BOUNTIFUL, Utah - It wasn't an easy decision as almost all of her classmates stood up and stepped out, but Elizabeth stayed put.
“I stayed in class, and I was one of the only ones in my class but I stayed,” said Elizabeth Busdicker, a 9th-grader at South Davis Jr. High.
She was alone in a classroom as hundreds of her peers passed by.
“Some people walked past our classroom in the halls, kind of gave me these looks, but I just felt like I was doing the right thing standing up for what I believe in,” Elizabeth said.
Elizabeth doesn't agree with everything the national school walkout stands for.
“It's not just about stricter gun policies; it's about being kinder in our daily lives,” Elizabeth said.
But she agrees change needs to happen as the threat of violence in schools is growing.
“It's made me a little scared at school, but I really made a huge effort to help these kids who look like they need a little extra help or a little more kindness in their day,” Elizabeth said.
Simple acts like writing letters.
“We wrote 17 thank you notes to 17 different people in our lives to honor the lives,” Elizabeth said.
Instead of walking out she's walking up to those who may need a hand. It's bullying that she believes is at the core of the issue.
“It's not guns who kill people; it's people who kill people,” Elizabeth said.

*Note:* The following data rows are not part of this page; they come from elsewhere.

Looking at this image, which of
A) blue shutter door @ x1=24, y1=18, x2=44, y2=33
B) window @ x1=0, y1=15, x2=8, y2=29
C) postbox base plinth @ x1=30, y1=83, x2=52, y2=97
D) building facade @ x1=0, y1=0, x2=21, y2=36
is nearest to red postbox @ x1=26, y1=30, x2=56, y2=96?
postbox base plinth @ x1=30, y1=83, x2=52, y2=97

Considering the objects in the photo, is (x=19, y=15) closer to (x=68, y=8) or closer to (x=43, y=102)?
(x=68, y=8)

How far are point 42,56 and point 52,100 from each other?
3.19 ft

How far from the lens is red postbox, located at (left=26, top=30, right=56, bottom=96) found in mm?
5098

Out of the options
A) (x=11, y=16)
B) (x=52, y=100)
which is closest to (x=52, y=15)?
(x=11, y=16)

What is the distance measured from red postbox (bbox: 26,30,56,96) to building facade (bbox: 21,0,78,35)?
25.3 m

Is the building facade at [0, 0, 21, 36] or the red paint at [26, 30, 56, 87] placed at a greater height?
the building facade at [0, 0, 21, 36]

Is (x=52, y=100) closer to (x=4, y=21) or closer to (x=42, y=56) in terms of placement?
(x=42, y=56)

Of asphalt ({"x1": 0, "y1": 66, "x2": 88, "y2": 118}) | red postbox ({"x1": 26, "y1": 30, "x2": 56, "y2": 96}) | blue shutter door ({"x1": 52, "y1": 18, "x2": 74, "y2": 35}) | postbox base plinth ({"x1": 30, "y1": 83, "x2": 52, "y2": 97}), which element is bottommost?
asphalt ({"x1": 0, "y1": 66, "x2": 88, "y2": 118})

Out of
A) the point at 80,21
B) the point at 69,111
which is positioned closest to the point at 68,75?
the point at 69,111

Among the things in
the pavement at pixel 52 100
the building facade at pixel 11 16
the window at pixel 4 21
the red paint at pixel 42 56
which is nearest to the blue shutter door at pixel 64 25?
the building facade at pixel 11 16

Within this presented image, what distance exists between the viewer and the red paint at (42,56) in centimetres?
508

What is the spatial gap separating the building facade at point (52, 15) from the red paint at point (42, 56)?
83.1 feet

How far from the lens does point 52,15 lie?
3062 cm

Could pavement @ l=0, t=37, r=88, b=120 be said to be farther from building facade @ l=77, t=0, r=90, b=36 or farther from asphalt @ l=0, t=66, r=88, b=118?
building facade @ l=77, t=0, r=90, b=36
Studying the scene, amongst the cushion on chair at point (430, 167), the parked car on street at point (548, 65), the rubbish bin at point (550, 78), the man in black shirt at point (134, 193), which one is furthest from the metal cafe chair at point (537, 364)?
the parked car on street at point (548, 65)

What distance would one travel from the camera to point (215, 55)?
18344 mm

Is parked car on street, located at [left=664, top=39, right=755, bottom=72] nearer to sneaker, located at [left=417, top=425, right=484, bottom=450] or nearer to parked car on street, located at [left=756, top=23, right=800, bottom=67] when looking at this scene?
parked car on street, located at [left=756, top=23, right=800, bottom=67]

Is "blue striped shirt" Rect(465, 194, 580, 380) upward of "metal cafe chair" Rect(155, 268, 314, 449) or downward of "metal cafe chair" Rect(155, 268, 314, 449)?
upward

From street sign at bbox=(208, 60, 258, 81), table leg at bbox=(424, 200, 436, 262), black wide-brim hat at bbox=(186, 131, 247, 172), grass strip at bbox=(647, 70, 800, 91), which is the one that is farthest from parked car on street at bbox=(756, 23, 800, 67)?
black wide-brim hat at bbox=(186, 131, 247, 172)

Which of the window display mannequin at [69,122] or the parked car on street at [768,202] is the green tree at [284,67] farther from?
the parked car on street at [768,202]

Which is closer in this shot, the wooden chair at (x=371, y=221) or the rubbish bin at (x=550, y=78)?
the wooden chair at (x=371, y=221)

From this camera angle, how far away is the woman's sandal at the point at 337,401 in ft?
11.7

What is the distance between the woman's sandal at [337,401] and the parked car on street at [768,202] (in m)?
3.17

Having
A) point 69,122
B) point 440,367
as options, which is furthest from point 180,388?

Elizabeth wasn't the only one at her school or across the county to stay at her desk. A group of Young Republicans in Michigan gathered in a cafeteria instead of walking out, and a Minnesota student posted a picture of an empty classroom saying he doesn't think banning assault rifles is feasible. And while her classmates were outside, Elizabeth sent a picture to her parents showing her decision.

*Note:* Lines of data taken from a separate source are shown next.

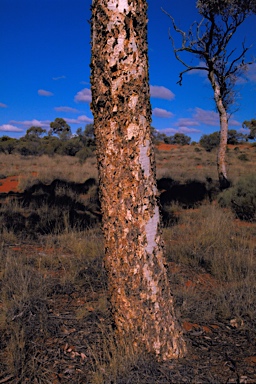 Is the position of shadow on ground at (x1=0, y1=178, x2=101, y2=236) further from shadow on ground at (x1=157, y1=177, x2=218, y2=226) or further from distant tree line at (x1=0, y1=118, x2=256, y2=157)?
distant tree line at (x1=0, y1=118, x2=256, y2=157)

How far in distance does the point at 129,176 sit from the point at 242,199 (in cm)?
820

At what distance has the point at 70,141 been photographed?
109 ft

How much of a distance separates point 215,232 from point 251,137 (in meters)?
45.0

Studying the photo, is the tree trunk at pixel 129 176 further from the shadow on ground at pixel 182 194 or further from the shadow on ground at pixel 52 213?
the shadow on ground at pixel 182 194

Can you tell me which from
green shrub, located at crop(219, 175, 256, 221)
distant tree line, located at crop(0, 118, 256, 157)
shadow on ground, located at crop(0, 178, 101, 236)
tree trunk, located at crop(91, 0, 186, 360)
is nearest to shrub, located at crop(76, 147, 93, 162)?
distant tree line, located at crop(0, 118, 256, 157)

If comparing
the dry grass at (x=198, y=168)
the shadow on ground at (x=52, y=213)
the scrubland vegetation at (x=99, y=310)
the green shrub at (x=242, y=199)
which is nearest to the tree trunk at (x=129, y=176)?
the scrubland vegetation at (x=99, y=310)

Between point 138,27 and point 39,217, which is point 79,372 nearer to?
Result: point 138,27

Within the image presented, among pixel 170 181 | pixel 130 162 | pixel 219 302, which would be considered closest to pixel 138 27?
pixel 130 162

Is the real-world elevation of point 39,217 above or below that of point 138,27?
below

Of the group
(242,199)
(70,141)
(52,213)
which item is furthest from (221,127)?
(70,141)

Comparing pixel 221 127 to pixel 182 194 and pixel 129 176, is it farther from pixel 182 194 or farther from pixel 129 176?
pixel 129 176

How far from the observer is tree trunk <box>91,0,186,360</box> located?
2246 millimetres

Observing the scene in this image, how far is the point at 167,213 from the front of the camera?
9.53 meters

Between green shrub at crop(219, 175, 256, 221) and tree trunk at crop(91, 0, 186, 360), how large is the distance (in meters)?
6.80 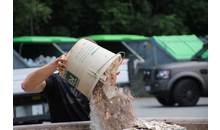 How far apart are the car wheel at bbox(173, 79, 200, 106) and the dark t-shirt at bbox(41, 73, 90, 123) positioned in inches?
270

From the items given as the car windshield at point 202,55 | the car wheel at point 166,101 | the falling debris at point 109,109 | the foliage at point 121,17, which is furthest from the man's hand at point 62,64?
the foliage at point 121,17

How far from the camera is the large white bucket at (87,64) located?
239cm

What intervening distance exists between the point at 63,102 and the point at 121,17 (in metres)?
14.8

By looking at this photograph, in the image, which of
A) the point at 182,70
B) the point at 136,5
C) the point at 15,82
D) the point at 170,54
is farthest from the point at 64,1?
the point at 15,82

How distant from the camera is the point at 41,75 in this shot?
2.70 m

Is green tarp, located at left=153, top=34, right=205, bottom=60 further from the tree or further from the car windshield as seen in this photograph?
the tree

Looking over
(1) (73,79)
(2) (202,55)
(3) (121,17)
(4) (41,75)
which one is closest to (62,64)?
(1) (73,79)

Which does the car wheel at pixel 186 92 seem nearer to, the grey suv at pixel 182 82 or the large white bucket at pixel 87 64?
the grey suv at pixel 182 82

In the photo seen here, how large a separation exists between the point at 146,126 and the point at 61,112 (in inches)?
39.6

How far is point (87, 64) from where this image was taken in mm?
2432

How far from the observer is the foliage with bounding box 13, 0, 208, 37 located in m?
17.5

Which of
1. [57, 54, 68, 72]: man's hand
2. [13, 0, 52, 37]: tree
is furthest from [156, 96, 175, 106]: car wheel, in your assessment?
[57, 54, 68, 72]: man's hand

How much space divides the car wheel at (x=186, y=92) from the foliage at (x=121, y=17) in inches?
323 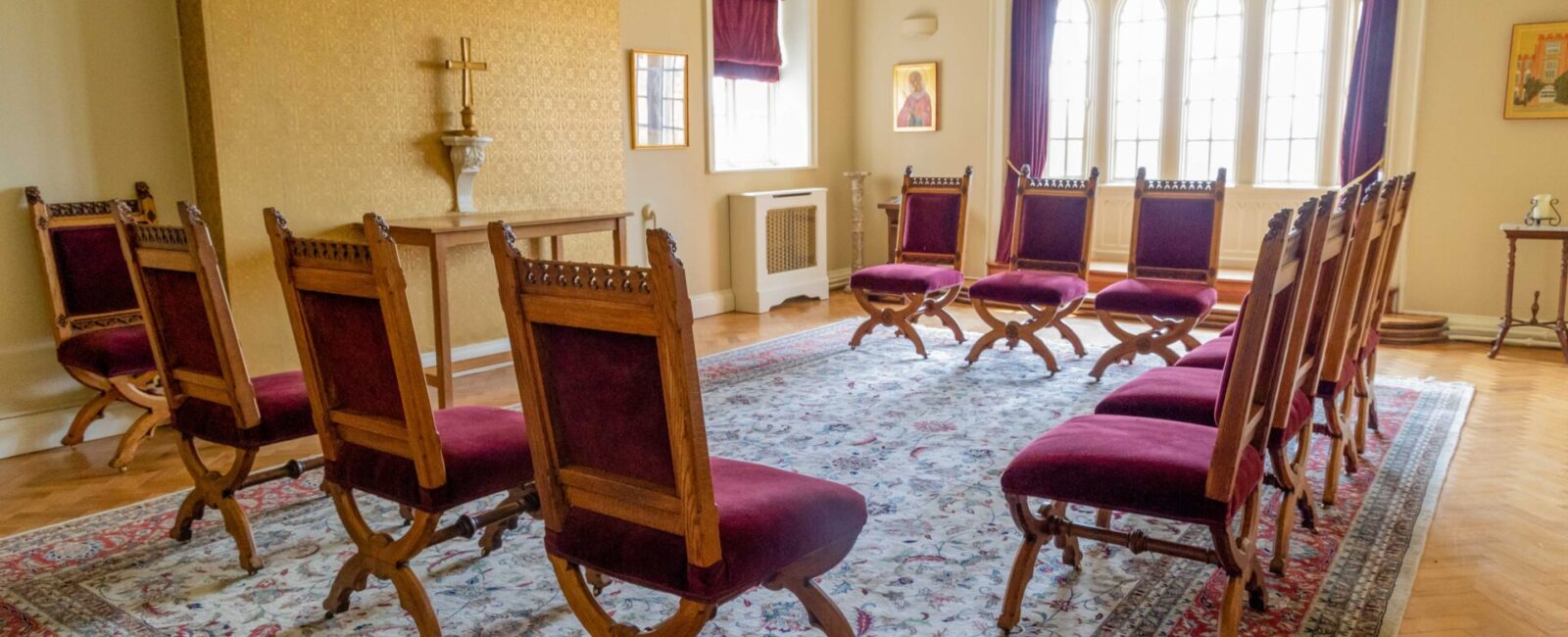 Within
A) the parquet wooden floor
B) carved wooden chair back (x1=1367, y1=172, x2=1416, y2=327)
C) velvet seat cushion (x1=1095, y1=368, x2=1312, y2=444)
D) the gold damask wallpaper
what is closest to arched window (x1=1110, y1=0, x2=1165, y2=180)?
the parquet wooden floor

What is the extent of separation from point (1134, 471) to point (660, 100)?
5303 millimetres

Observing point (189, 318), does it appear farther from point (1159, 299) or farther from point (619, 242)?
point (1159, 299)

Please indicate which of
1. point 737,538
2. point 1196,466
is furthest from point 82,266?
point 1196,466

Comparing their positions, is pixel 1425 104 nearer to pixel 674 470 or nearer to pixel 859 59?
pixel 859 59

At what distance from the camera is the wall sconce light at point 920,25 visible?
863cm

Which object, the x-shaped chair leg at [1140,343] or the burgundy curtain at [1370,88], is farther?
the burgundy curtain at [1370,88]

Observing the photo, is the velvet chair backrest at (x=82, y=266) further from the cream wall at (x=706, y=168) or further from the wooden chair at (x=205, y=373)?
the cream wall at (x=706, y=168)

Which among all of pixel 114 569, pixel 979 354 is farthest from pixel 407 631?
pixel 979 354

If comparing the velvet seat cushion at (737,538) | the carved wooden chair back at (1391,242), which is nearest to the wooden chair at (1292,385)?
the carved wooden chair back at (1391,242)

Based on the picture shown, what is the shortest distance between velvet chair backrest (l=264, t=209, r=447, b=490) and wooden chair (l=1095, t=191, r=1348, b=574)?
1.93m

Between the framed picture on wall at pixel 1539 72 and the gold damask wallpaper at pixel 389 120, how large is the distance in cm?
537

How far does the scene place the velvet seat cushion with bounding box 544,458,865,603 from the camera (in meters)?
2.10

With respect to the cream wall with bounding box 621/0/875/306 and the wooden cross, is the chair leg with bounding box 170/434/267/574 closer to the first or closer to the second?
the wooden cross

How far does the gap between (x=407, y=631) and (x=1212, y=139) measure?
6.99m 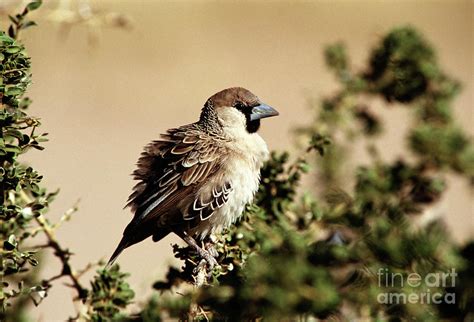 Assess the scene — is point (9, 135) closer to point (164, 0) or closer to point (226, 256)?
point (226, 256)

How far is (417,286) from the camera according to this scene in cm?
190

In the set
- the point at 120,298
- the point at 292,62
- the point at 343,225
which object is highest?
the point at 292,62

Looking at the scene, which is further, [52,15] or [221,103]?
[221,103]

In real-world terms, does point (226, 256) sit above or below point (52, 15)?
below

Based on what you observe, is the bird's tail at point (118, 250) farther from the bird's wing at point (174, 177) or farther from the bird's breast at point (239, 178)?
the bird's breast at point (239, 178)

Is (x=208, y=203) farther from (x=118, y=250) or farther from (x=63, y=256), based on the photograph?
→ (x=63, y=256)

“Twenty six years in the United States Air-Force,” said Mike Busdicker, Elizabeth’s Father. “I did that so I could protect the freedom and rights everyone in this country enjoys. That’s why I’m proud of my daughter, because she made her decision to stand up for what she believed in even though others were doing something different.”
Elizabeth’s parents say they stayed out of their daughter’s decision and had no idea what she was going to do.
Elizabeth said she was also disappointed because some of her classmates just walked out because they said they wanted to get out of class and didn't really understand what the movement was for.
She said she respects the decisions of her fellow students, and she hopes others respect hers.